People who know me know that I am a proponent of community musical ensembles.  The idea of people just getting together to play and make music is one that brings me joy.  When I played with the OVBBB, from 2000 to 2002, our musical product was of a high quality, and Ed got it out of us the old-fashioned way–by cracking the whip, and sometimes by hurting our feelings.  I imagine rehearsals with Fritz Reiner to have been slightly less intense than our Thursday night sessions at Wright State used to be.  Ed was hard to work with (or work for).  People with thinner skins and less devotion to music than he had sometimes quit the band–often in mid-rehearsal.  But even if he didn’t always remember that we were supposedly doing this for fun, Ed was someone whose band I wanted to play in.  Ed was a yeller and a screamer and an all-around passionate person of a type that doesn’t make it as a music educator these days.  People a little older than me and younger won’t sit still for the kind of martinet tactics that were a weekly feature of OVBBB rehearsals.  As much as I try to be the musician that Ed was, I almost never want to be the type of person he was on the podium.

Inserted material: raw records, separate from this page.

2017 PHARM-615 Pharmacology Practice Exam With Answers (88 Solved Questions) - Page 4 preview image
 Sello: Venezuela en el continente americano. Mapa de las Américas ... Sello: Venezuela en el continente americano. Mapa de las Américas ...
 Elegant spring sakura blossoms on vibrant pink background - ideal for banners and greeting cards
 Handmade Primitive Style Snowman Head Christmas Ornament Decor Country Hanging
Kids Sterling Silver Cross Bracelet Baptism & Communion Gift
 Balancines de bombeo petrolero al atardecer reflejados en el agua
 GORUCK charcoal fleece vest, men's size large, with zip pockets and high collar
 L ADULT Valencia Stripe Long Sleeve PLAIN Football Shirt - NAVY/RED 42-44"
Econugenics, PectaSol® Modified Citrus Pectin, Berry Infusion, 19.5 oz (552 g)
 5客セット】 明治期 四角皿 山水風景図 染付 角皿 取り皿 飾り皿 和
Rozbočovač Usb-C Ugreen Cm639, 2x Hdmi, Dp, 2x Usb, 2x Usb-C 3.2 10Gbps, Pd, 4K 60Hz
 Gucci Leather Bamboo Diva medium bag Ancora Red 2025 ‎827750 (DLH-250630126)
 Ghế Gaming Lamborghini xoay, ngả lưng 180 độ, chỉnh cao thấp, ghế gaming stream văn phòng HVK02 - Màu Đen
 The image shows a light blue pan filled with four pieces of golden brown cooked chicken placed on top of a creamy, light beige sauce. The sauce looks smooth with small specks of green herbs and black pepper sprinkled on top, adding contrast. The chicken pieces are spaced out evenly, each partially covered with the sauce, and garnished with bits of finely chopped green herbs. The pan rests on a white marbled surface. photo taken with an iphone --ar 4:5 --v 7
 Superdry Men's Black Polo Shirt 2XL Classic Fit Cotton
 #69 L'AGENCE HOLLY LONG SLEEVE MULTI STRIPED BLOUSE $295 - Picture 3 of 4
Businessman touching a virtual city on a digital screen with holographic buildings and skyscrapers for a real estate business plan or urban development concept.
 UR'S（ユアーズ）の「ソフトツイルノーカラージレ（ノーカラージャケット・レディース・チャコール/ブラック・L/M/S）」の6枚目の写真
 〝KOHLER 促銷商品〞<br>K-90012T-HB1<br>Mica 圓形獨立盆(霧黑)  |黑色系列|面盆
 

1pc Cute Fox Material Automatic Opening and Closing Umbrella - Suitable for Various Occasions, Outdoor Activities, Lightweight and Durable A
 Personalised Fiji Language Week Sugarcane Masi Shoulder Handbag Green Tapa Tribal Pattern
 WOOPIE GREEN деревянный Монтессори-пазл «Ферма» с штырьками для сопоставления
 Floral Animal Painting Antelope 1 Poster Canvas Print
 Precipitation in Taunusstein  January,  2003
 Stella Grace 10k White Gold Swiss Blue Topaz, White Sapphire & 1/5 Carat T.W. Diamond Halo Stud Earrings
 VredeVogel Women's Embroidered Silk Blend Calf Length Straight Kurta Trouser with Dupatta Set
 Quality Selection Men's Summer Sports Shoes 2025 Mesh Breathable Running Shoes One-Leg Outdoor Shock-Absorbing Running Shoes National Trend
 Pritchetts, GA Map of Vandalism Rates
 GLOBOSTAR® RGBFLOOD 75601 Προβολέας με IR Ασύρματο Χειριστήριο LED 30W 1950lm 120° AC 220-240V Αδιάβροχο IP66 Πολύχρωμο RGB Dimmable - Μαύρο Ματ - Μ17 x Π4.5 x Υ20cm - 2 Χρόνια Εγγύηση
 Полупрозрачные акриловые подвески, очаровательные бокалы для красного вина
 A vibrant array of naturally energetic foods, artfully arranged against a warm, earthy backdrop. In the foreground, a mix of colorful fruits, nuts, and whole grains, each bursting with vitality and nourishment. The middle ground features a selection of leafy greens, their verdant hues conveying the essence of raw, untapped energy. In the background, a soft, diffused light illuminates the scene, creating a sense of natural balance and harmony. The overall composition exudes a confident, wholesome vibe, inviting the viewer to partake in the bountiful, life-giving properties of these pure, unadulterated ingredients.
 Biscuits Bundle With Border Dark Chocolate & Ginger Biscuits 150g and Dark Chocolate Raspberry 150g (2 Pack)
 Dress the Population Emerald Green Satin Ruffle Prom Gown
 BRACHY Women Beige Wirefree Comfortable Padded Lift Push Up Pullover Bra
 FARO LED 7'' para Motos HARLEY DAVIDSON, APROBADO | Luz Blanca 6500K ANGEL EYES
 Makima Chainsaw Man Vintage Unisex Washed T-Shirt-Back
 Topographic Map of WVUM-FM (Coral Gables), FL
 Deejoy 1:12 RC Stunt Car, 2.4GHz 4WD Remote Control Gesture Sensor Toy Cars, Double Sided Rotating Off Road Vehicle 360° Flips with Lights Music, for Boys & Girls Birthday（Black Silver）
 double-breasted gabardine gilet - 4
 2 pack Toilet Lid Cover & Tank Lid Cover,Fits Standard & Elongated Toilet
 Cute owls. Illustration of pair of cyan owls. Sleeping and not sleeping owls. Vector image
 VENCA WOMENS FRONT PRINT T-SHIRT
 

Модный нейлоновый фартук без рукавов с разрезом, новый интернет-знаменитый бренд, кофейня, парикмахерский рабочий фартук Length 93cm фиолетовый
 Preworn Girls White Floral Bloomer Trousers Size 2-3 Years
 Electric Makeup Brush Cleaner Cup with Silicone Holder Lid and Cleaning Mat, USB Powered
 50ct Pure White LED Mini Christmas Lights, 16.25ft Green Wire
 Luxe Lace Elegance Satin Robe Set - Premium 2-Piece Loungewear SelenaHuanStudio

On the other hand, he was uncompromising, relentless and authentic.  If it wasn’t worth doing right, it wasn’t worth doing for Ed.  I have a CD of some recordings–of dubious technical quality, since they are of live performances–but they capture what it was like to play in the OVBBB:  polished, taut, unashamed, and unafraid of difficult music, but always, always, music that was worthwhile.  Even some of the garbage that we played became worthwhile because Ed would seek out the good in a well-arranged version of a bad piece of music.  If it could be played well, it could be good music.

This is exactly the reason I encourage non-students to play in the band at OPSU.  Between Ed’s group on Thursday nights and another group, the Sinclair Community College Wind Symphony, on Wednesdays, the practice of community music-making brought me out of my shell, gave me someplace to go, someplace to play, and sometimes, a reason to keep going through the rest of the week during my time in Springfield.  Without those places to just make music, I might have drifted off into some other career entirely.

I also learned how to “do” marches from Ed–how to hose them out and make them into musical entities that are exciting and fun to play instead of the drudgery many think them to be.  I don’t see how someone can be a band director in America without knowing how to rehearse and conduct a march, and I didn’t learn that in college–I learned it from Ed.

Ed also encouraged me in composition, a little bit, and certainly without knowing where it would lead.  I showed him a piece called See No Evil, Hear No Evil, and he was all set to read it one Thursday night, but had mislaid the parts.  Someday, I hope that piece will get played, but the fact that he was willing to look at it gave me hope that I could write music for groups other than the ones I directed.

When I left the OVBBB to move out of town, I didn’t do a good job of keeping in touch.  A year later, when I asked Ed for a reference for graduate school, he turned me down, saying that he didn’t know me and my work well enough.  I never really made any effort after that, but I wish I had.

Somewhere–I hope in heaven, but I’m not completely sure–Ed is cracking the whip for the best band you ever heard and getting them to play better than they think they need to.  It might be “The Melody Shop” or just Mike Gallehue’s “ragged” arrangement of “Salvation is Created.”  It sounds glorious.  Play the snot out of it, Ed.